Strut Tower Braces: Mostly Cosmetic on Most Cars

This is the part that generates the most debate and delivers the least measurable improvement on most platforms. A strut tower brace connects the two front strut towers with a rigid bar, the idea being that it prevents the towers from flexing during cornering and keeps the geometry more consistent.

On some older or less rigid chassis designs, strut tower braces make a noticeable difference. Older Miatas, older Civics, and other lightweight cars with relatively flexible unibodies can benefit from the added rigidity. The car feels more precise and the front end responds more predictably.

On most modern cars, the chassis is already stiff enough that a strut tower brace adds no measurable improvement. Modern unibody designs with extensive spot welding, structural adhesive, and engineered crumple zones are rigid enough that the strut towers do not flex enough under street driving loads to affect handling. Bolting a bar between them looks good when you open the hood, but the car drives the same.

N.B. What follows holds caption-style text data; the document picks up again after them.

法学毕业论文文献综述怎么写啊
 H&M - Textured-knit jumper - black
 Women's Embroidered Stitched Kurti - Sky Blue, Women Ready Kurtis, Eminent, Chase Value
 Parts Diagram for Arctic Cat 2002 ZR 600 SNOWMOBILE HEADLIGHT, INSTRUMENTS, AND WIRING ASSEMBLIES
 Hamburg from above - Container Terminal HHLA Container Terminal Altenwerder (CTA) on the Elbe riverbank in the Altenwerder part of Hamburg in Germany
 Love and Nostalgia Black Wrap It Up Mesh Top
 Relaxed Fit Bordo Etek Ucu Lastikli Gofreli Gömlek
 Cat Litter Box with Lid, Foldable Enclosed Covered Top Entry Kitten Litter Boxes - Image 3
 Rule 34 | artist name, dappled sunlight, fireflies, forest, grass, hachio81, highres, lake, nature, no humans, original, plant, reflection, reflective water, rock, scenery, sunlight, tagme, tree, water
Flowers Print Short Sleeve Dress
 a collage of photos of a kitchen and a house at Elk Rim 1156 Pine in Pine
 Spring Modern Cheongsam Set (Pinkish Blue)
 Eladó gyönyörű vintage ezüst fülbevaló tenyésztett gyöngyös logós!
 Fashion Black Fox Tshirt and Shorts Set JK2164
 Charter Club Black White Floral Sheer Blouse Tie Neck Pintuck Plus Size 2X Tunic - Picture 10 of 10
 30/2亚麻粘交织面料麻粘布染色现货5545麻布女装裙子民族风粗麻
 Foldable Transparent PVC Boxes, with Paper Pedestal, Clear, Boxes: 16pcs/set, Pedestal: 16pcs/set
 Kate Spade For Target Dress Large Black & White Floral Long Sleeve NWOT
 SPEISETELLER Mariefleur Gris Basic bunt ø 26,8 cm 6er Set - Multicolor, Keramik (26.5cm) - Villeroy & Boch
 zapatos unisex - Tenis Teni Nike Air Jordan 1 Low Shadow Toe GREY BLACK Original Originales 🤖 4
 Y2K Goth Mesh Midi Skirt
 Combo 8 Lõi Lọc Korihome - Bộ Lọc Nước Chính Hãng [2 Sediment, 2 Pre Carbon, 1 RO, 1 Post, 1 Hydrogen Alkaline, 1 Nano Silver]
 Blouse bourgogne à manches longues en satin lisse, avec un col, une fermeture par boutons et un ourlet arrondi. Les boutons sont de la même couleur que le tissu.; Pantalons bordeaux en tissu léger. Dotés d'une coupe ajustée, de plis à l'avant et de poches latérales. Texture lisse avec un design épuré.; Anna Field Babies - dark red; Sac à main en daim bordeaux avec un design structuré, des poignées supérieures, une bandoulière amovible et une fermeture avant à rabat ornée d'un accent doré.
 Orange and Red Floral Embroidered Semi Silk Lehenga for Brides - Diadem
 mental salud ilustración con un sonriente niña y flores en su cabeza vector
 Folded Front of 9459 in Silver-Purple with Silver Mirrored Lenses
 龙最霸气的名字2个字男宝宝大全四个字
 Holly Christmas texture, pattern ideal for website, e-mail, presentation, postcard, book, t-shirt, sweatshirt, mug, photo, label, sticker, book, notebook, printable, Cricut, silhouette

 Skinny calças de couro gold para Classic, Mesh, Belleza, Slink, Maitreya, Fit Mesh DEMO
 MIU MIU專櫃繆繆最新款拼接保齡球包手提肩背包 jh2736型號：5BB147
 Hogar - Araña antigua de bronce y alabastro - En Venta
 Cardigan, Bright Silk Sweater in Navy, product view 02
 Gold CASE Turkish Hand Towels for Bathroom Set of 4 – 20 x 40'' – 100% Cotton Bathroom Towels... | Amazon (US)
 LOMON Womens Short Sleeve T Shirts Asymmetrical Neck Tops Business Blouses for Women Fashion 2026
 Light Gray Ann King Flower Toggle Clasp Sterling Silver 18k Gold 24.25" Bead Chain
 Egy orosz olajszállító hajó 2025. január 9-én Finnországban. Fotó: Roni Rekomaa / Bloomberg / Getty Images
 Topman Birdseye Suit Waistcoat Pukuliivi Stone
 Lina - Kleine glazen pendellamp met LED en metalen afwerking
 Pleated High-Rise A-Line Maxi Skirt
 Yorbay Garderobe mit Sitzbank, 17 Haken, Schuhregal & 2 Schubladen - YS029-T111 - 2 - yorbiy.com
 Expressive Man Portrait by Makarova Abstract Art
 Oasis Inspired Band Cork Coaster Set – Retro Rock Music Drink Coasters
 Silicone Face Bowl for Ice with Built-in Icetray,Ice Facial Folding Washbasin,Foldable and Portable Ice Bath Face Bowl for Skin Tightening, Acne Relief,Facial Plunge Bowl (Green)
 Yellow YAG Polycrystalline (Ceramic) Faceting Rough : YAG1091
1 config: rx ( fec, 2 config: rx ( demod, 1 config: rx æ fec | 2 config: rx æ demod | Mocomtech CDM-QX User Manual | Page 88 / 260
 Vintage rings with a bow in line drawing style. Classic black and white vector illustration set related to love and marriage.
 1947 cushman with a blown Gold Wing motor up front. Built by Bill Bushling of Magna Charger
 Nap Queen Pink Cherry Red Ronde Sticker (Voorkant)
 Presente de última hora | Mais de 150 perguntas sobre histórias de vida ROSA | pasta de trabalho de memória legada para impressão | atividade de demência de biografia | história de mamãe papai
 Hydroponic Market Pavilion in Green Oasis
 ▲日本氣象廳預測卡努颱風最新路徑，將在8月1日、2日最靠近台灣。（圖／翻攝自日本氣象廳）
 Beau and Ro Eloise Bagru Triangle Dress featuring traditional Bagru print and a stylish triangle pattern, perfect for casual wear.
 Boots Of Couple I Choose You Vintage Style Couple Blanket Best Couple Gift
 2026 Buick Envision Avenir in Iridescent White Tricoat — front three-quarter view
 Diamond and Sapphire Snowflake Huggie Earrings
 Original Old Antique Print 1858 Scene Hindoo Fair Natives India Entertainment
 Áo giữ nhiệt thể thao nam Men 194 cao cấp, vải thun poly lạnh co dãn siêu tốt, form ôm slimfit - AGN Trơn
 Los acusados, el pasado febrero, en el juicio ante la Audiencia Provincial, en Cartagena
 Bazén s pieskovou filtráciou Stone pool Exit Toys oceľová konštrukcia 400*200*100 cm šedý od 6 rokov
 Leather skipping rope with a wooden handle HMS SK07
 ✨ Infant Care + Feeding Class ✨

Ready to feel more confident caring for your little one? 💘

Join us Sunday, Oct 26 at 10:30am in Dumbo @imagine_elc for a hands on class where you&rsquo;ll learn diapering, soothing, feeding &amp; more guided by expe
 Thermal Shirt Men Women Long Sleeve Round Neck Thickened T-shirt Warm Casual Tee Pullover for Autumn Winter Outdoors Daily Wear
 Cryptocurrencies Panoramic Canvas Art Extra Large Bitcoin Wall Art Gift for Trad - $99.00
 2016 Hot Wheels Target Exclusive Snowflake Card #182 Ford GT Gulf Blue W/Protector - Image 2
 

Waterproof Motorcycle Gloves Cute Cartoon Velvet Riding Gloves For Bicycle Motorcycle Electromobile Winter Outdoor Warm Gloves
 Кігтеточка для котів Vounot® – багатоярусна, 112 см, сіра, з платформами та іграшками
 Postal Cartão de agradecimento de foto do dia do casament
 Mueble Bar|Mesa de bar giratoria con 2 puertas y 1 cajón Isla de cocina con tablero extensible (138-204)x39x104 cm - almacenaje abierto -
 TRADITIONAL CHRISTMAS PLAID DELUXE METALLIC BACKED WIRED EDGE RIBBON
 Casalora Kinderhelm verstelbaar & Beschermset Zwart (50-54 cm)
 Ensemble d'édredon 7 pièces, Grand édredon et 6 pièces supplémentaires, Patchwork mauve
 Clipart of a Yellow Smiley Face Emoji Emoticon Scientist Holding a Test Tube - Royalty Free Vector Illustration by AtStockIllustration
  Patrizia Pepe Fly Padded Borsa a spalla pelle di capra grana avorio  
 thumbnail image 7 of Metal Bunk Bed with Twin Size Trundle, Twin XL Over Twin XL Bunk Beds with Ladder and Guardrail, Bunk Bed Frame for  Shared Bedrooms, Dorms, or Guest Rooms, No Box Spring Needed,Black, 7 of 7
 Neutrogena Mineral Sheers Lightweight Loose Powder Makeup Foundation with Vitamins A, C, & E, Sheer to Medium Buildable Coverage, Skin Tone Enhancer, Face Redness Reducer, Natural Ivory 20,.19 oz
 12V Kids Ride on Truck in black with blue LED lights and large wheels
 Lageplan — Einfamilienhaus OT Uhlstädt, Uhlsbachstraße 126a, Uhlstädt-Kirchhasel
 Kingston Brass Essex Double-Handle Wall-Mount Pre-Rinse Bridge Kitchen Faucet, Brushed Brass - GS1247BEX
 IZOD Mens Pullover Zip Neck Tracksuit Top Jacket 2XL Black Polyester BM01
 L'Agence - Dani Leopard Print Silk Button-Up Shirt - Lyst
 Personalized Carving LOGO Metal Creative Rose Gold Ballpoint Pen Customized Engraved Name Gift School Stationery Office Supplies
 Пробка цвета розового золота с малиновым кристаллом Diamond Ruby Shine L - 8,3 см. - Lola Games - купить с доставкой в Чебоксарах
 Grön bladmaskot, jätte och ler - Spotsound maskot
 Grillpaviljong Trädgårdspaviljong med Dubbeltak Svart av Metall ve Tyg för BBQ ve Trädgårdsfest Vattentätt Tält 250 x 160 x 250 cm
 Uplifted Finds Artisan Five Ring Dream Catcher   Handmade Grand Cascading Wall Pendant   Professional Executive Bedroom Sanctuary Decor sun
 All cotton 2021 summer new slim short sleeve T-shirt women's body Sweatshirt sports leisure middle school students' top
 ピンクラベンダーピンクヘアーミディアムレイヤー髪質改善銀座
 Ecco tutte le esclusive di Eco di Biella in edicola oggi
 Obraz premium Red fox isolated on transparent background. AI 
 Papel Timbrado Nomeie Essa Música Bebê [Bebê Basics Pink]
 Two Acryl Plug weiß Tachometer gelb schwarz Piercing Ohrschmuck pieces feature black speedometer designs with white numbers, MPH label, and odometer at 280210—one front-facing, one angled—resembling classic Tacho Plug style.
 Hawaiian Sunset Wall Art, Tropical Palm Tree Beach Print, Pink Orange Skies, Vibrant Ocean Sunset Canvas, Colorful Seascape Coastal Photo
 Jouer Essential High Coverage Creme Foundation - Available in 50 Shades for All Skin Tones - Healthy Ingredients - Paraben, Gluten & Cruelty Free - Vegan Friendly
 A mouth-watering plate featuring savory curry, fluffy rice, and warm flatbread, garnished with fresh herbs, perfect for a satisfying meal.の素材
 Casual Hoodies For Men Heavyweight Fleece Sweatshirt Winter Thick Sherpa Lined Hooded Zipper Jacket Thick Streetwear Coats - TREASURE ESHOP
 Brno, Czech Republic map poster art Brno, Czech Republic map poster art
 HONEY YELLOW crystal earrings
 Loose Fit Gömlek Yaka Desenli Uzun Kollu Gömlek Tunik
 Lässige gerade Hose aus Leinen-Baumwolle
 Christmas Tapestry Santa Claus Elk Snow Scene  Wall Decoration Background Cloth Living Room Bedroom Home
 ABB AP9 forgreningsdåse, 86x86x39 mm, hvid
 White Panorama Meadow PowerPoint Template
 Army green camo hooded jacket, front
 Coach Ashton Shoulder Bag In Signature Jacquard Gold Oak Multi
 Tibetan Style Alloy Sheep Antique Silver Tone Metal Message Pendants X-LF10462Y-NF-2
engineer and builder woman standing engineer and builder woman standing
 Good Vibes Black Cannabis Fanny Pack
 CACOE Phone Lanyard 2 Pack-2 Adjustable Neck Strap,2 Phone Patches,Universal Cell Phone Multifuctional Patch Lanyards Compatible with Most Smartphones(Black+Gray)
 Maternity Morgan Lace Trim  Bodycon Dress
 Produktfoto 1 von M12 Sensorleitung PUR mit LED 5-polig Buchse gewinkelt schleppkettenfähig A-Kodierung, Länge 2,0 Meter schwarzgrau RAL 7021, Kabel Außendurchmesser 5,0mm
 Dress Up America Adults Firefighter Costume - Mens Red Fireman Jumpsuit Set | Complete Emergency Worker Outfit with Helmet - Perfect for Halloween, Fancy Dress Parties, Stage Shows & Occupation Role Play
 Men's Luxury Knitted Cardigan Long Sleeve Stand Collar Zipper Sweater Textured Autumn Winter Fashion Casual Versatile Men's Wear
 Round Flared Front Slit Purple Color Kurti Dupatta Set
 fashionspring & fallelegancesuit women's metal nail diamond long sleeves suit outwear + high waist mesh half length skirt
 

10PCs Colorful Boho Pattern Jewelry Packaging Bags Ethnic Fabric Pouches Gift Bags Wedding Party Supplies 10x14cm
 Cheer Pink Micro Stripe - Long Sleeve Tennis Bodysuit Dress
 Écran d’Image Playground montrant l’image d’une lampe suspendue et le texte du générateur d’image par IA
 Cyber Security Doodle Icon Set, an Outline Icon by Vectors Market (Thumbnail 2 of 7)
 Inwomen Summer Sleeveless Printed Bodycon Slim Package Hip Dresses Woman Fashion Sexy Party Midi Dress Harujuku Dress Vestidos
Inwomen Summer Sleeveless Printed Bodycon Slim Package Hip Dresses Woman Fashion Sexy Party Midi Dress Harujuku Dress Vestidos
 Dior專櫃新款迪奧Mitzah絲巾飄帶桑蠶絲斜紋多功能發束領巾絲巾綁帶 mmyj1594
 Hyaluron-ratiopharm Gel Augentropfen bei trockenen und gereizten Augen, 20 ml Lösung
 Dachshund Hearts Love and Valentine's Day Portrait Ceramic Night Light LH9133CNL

The exception is convertibles. Cutting the roof off any car significantly reduces torsional rigidity. On a convertible, a strut tower brace and potentially other chassis bracing (tunnel braces, rear tower braces, subframe braces) can make a measurable improvement in handling precision. If your car still has a roof, the money is better spent on sway bars, bushings, or better tires.

What to Buy First

If you are building a handling-focused street car, here is the order that gives you the most improvement per dollar spent:

First: Tires. The tire is the single most important handling component. A good set of performance tires in the right width and compound transforms the car more than any bolt-on suspension part. Do this before anything else.

Second: Sway bar (rear, or matched set). The biggest handling transformation for the money. Reduces body roll, improves turn-in, and changes the handling balance without affecting ride quality.

Third: Proper end links. If you upgraded the sway bar, upgrade the end links to match. If you lowered the car, adjustable end links correct the geometry.

Fourth: Springs or coilovers with alignment. Lower the car if you want to, but do it right. Include the alignment in the budget and, if necessary, the camber correction hardware to keep the geometry in a street-friendly range.

Fifth: Targeted bushing replacement. Control arm bushings and subframe bushings at the main pivot points. Skip the full kit unless you are building a dedicated track car.

Last: Chassis bracing. Only if the platform actually needs it. Check forums specific to your car. If owners with strut tower braces cannot describe a noticeable difference, the car does not need one.

Every part in this list works with the others. A sway bar works better on good tires. Good tires work better with a proper alignment. A proper alignment requires correct geometry, which may require adjustable arms or mounts. Build the system, not a parts list, and the car will reward you with handling that actually improves with every addition rather than just looking modified.